── PROVIDED DATA
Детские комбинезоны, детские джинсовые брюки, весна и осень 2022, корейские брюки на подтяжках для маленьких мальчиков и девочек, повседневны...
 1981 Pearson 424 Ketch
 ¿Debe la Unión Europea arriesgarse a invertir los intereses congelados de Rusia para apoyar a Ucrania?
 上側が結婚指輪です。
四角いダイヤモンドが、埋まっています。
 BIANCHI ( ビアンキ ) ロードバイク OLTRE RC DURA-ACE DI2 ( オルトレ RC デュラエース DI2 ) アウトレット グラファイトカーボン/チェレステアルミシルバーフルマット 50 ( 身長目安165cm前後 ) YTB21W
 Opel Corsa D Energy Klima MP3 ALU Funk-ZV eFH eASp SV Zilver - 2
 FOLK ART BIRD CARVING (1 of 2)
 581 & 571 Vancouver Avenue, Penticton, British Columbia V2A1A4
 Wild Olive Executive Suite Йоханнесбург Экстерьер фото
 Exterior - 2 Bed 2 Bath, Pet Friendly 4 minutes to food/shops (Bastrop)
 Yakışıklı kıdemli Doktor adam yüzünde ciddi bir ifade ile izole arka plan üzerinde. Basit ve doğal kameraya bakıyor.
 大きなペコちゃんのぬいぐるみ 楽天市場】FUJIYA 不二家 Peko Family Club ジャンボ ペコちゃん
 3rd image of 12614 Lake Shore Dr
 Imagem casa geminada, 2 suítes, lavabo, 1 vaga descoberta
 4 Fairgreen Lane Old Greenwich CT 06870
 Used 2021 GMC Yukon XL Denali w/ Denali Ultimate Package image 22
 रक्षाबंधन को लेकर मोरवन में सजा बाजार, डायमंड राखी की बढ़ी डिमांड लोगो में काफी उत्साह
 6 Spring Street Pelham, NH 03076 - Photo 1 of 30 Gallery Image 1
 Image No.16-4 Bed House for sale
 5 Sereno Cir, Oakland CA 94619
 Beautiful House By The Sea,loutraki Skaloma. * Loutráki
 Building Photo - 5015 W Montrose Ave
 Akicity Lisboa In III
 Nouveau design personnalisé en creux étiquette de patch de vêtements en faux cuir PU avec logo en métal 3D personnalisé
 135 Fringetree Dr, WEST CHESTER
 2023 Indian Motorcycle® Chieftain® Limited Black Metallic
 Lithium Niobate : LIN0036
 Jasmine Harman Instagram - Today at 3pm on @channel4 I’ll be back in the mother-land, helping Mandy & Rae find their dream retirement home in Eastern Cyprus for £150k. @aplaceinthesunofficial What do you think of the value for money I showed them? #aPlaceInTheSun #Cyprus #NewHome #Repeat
────
■ WHAT YOU SHOULD DO:
Reproduce each line above exactly.

■ RESULT BELOW:
Детские комбинезоны, детские джинсовые брюки, весна и осень 2022, корейские брюки на подтяжках для маленьких мальчиков и девочек, повседневны...
 1981 Pearson 424 Ketch
 ¿Debe la Unión Europea arriesgarse a invertir los intereses congelados de Rusia para apoyar a Ucrania?
 上側が結婚指輪です。
四角いダイヤモンドが、埋まっています。
 BIANCHI ( ビアンキ ) ロードバイク OLTRE RC DURA-ACE DI2 ( オルトレ RC デュラエース DI2 ) アウトレット グラファイトカーボン/チェレステアルミシルバーフルマット 50 ( 身長目安165cm前後 ) YTB21W
 Opel Corsa D Energy Klima MP3 ALU Funk-ZV eFH eASp SV Zilver - 2
 FOLK ART BIRD CARVING (1 of 2)
 581 & 571 Vancouver Avenue, Penticton, British Columbia V2A1A4
 Wild Olive Executive Suite Йоханнесбург Экстерьер фото
 Exterior - 2 Bed 2 Bath, Pet Friendly 4 minutes to food/shops (Bastrop)
 Yakışıklı kıdemli Doktor adam yüzünde ciddi bir ifade ile izole arka plan üzerinde. Basit ve doğal kameraya bakıyor.
 大きなペコちゃんのぬいぐるみ 楽天市場】FUJIYA 不二家 Peko Family Club ジャンボ ペコちゃん
 3rd image of 12614 Lake Shore Dr
 Imagem casa geminada, 2 suítes, lavabo, 1 vaga descoberta
 4 Fairgreen Lane Old Greenwich CT 06870
 Used 2021 GMC Yukon XL Denali w/ Denali Ultimate Package image 22
 रक्षाबंधन को लेकर मोरवन में सजा बाजार, डायमंड राखी की बढ़ी डिमांड लोगो में काफी उत्साह
 6 Spring Street Pelham, NH 03076 - Photo 1 of 30 Gallery Image 1
 Image No.16-4 Bed House for sale
 5 Sereno Cir, Oakland CA 94619
 Beautiful House By The Sea,loutraki Skaloma. * Loutráki
 Building Photo - 5015 W Montrose Ave
 Akicity Lisboa In III
 Nouveau design personnalisé en creux étiquette de patch de vêtements en faux cuir PU avec logo en métal 3D personnalisé
 135 Fringetree Dr, WEST CHESTER
 2023 Indian Motorcycle® Chieftain® Limited Black Metallic
 Lithium Niobate : LIN0036
 Jasmine Harman Instagram - Today at 3pm on @channel4 I’ll be back in the mother-land, helping Mandy & Rae find their dream retirement home in Eastern Cyprus for £150k. @aplaceinthesunofficial What do you think of the value for money I showed them? #aPlaceInTheSun #Cyprus #NewHome #Repeat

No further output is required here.